Well after the cathedral, we went back to Kilkenny Castle.  There are lots of neat alleyways going through the town.  When we got back to the castle, we managed to snag the last tickets to the 4 o’clok tour.  Now, when you all come to Ireland, (and I’m sure with our stunning descriptions of all there is to see and do here you won’t tarry in making your reservations) go to Kilkenny Castle.  It is a thing not to be missed.  However, if, when you reach the ticket desk, they try to send you with just any old tour guide, say, "No, we’ll wait for John Burke’s tour, thank you very much."  The man is the most awesome tour guide in the entire country!  You will learn history and Irish (and gossip about the former inhabitants and their friends and lovers), all in the most entertaining of fashions.  But don’t touch the marble table in the entry hall.  It’s where they used to lay out the dearly departed, and well, if Garth doesn’t make it back from Ireland, we’ve got the curse of the Butlers to thank for that!

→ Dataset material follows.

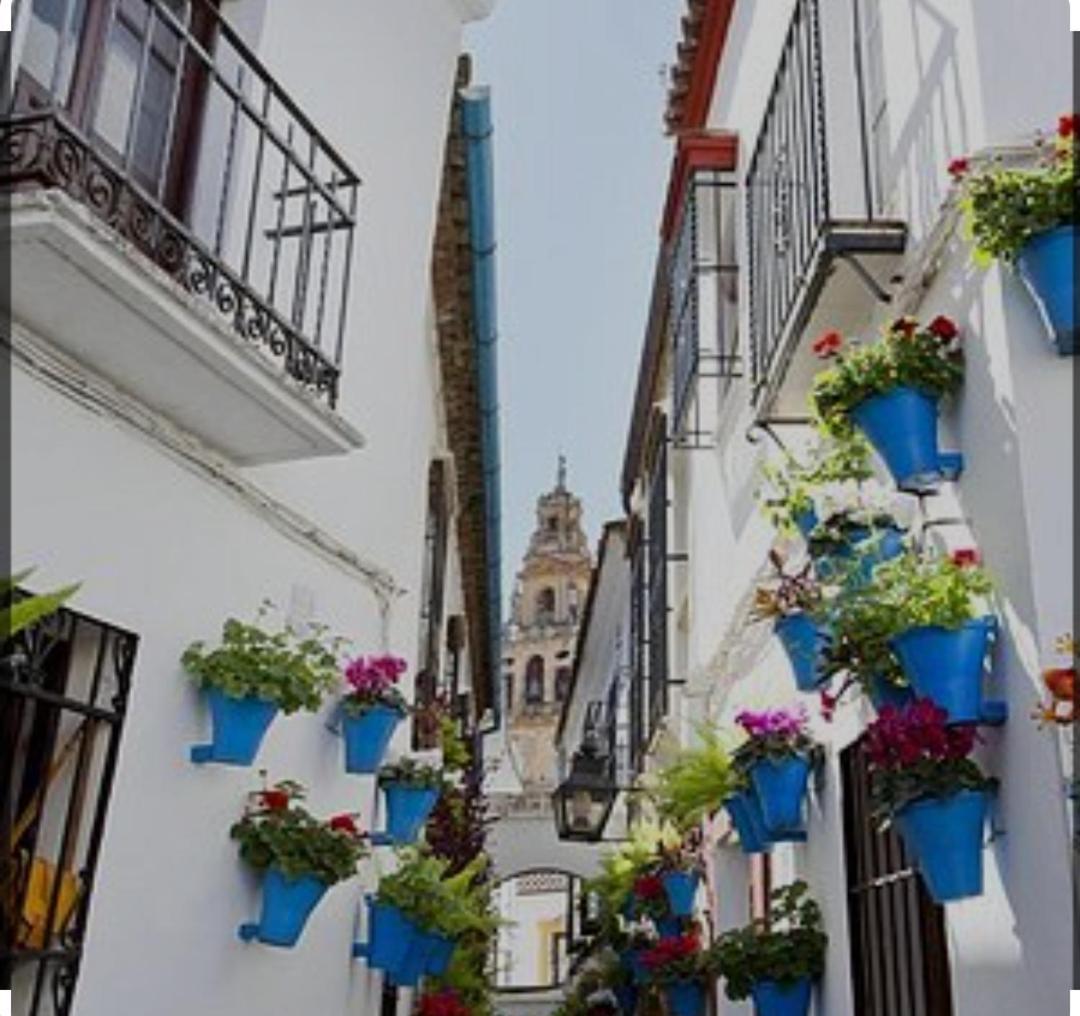 El Patio De La Cris Leilighet Puente Genil Eksteriør bilde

Hey, for all you South Park fans.  Now we know who killed Kenny.  The Butler did it!!!!

Today we went to the town of Adare.  It is a thatched cottage village with the big Adare Manor and two golf courses and more tourist dollars per capita than Disneyland.  No souvenir or antique bargains here.  It even has Disneyland’s slightly over-the-top cuteness.  We were walking down a lane to see the Dovecot used in the 1300’s by the Trinitarians to store next Sunday’s dinner, when we met one of Mark’s colleagues.  We know so few people in this country and yet we seem to run into them.  [He was wearing a tweed jacket, by the way.  Makes you think, doesn’t it.]

We have attached a picture.  Now I have seen deer, and horse, and cattle and even duck, but I have never seen one of these.  Have you?  Get ready.  It may be you or me sooner than we think.

That’s it from these parts.  I’m glad I was so accurate in my predictions about my Seattle Mariners, and look forward to another successful round of baseball.  Talk to you later.